Optimism remains for a resurrected, though likely downsized, Build Back Better package — and for municipal market-friendly provisions — despite opposition from key Sen. Joe Manchin.
“If this means the bill is dead, then any chances for muni provisions may be dead,” said Charles Samuels of Mintz Levin, counsel to the National Association of Health & Educational Facilities Finance Authorities. “But I wouldn’t be surprised if they try to resurrect a version of the bill in shrunken form, keeping hopes alive.”
Manchin, D-W.Va., whose vote is needed to usher the high-profile legislation through the 50-50 divided Senate, told Fox News on Sunday that he was “a no,” expressing concerns with the cost of the $1.75 trillion bill amid rising inflation, COVID-19 uncertainty and growing national debt.
Senate Majority Leader Chuck Schumer vowed Monday that the Senate would bring the bill to a vote early in 2022 despite Manchin’s opposition.
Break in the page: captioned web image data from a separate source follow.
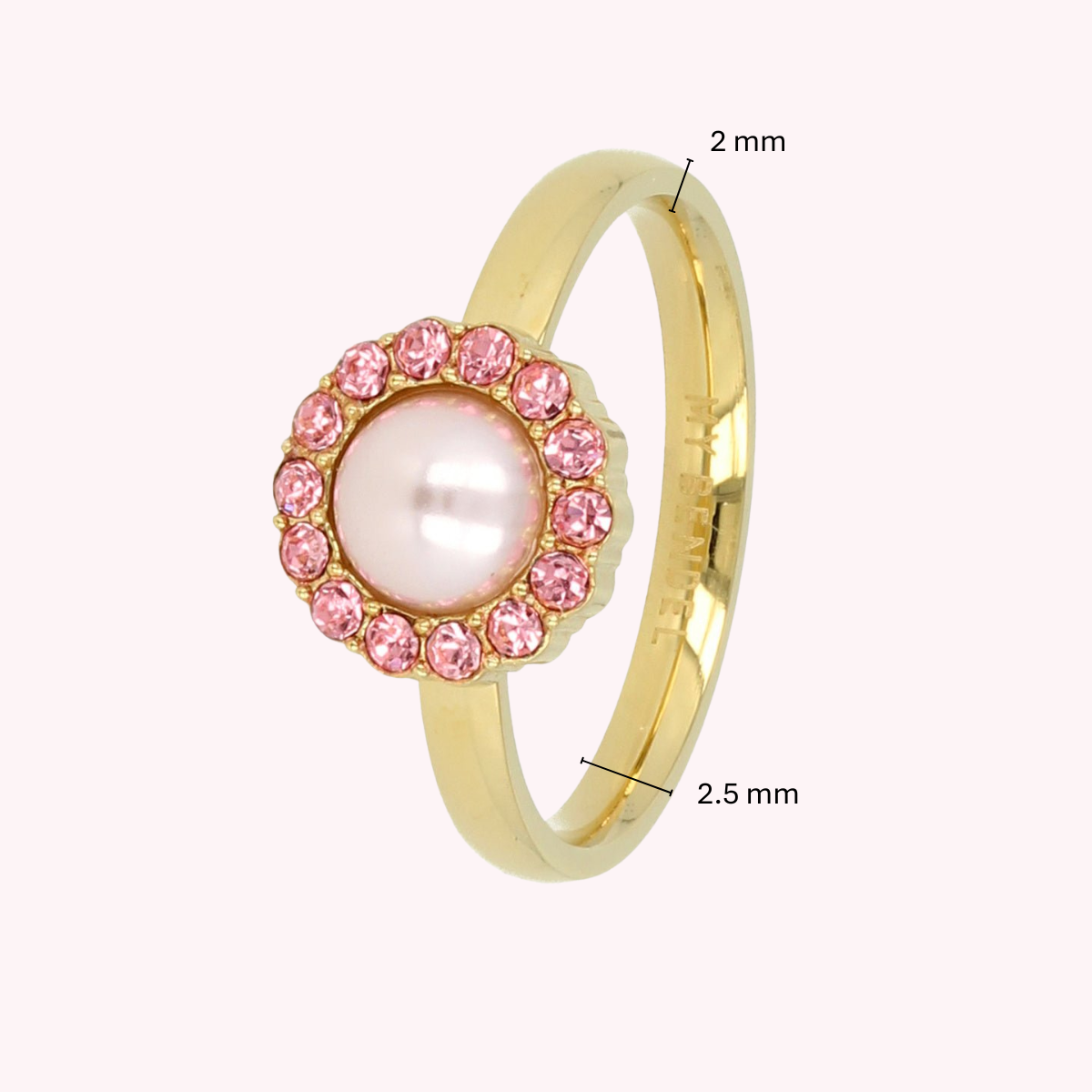 Goldener Ring - rosa Perle - Zirkonia-Steine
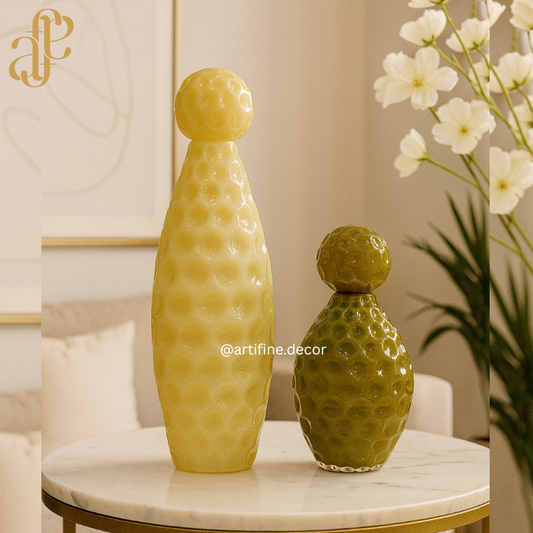 Honeycomb Bubble Glass Vase Set – Yellow & Olive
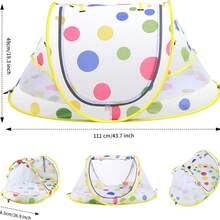 Lettino da viaggio pieghevole Pop Up portatile peso ultraleggero Baby Beach Tent Lettino per neonati zanzariera da viaggio letto includono coperta prevenire la penetrazione di urina Peach Skin Velvet 111 * 68,5 * 49cm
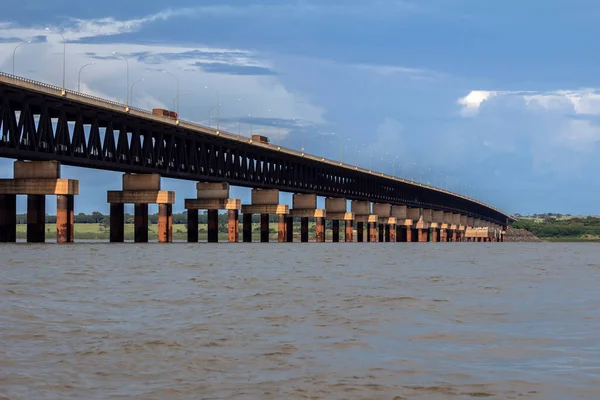 Sao Paulo Brazilië April 2015 Zicht Spoorbrug Een Gemengde Brug — Stockfoto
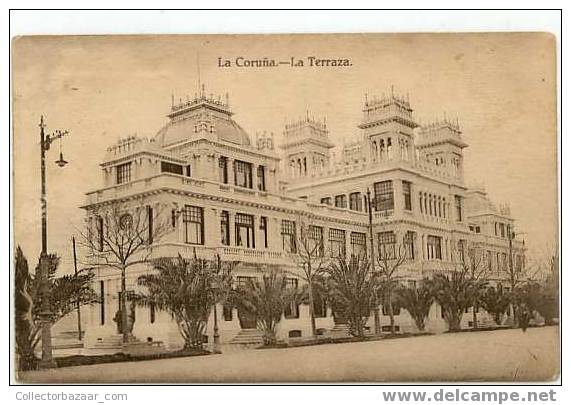 SPAIN Vintage Postcard LA CORUÑA Galicia La Terraza Architecture Building - La Coruña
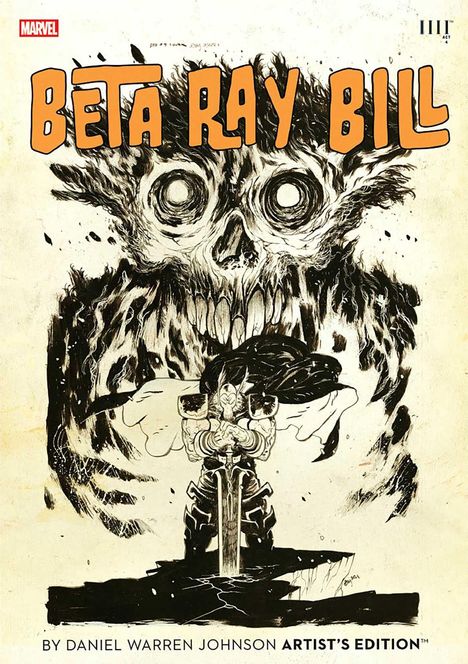 „BETA RAY BILL“ in orange Schrift. Illustration eines Kriegers vor einem bedrohlichen, geisterhaften Gesicht.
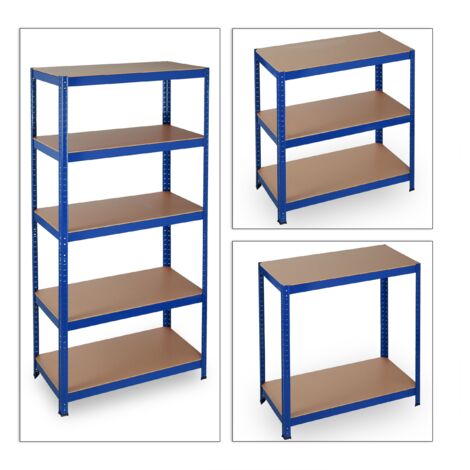 Scaffale per carichi pesanti con clip cantina per garage 180 cm blu acciaio 130001058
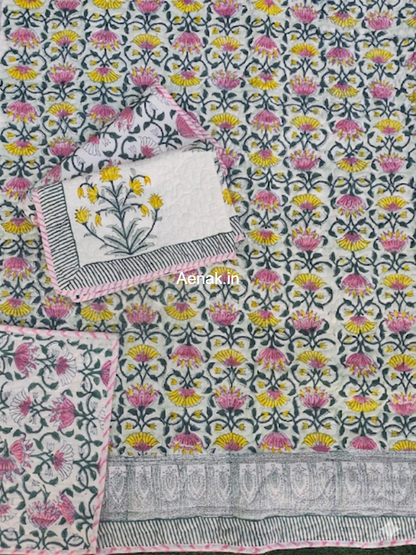 Pink & Yellow Lotus Handblock Bedsheet + Quilted Bedcover Combo Set
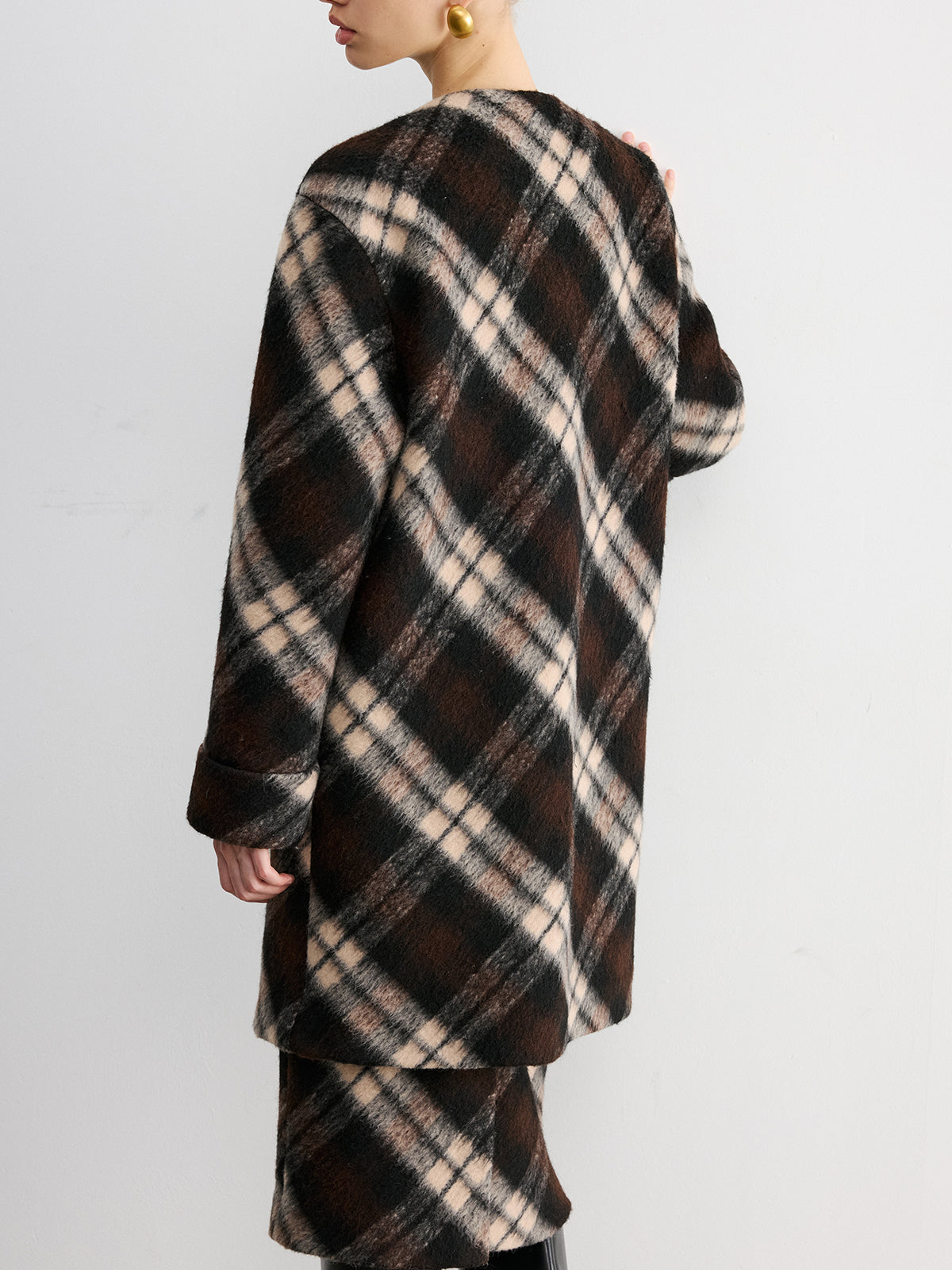 Plaid Wool-Blend Coat with Matching Scarf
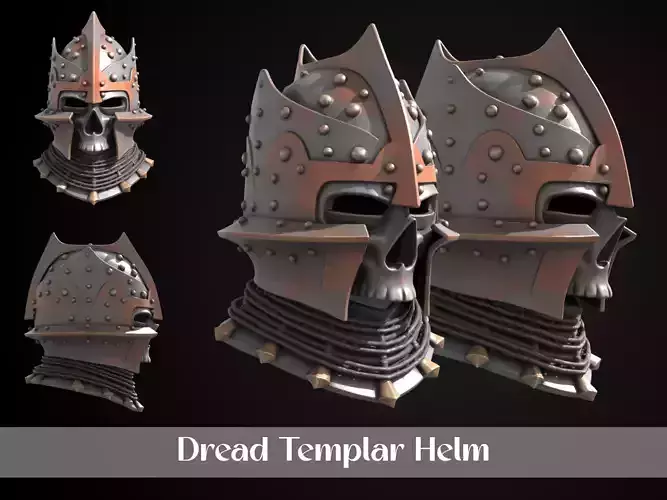 Stylized Medieval Helmet - Dread Templar 3D print model
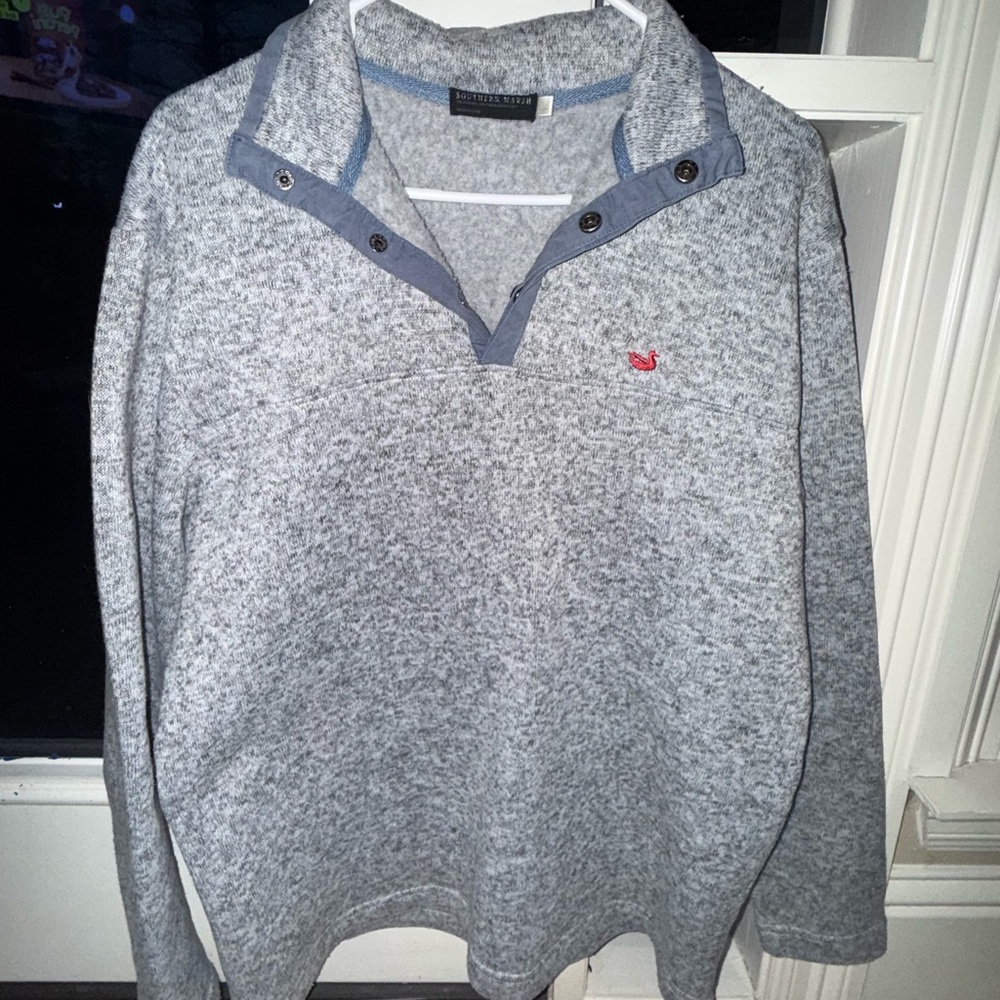 Blue Southern Marsh Quarter Zip with Blue/Red Accents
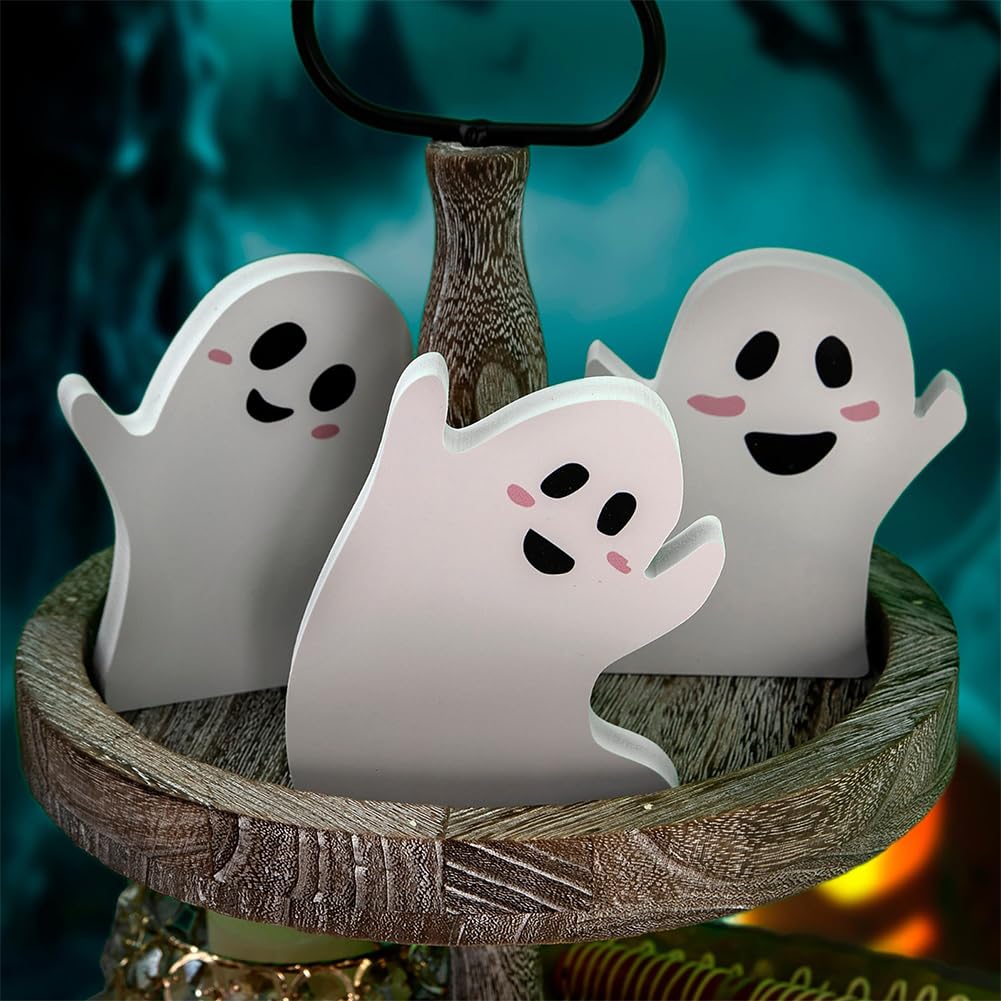 Cute Halloween Decorations, Ghost Wooden Tiered Tray Decor Table Sign Set of 3 Ghost Wooden Decor Blocks for Table, Office Desk,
“We are going to vote on a revised version of the House-passed Build Back Better Act — and we will keep voting on it until we get something done,” Schumer said.
Also Monday, Manchin appeared to point to a path forward when he said the legislation should go through Senate committee hearings and that he still wants to roll back the tax cuts in the Tax Cuts and Jobs Act of 2017.
“I won’t continue to go down everything you want to do, major policy changes and reconciliation. It needs to go through a process,” Manchin said. The Senate did not hold any hearings on the bill.
The municipal bond market had its hopes dashed early when the House bill, which passed in November, failed to include its wish list. The decision last week to delay the bill meant a fresh opportunity for muni lobbyists to see their priorities revived. And lobbyists say now the game still isn’t likely over.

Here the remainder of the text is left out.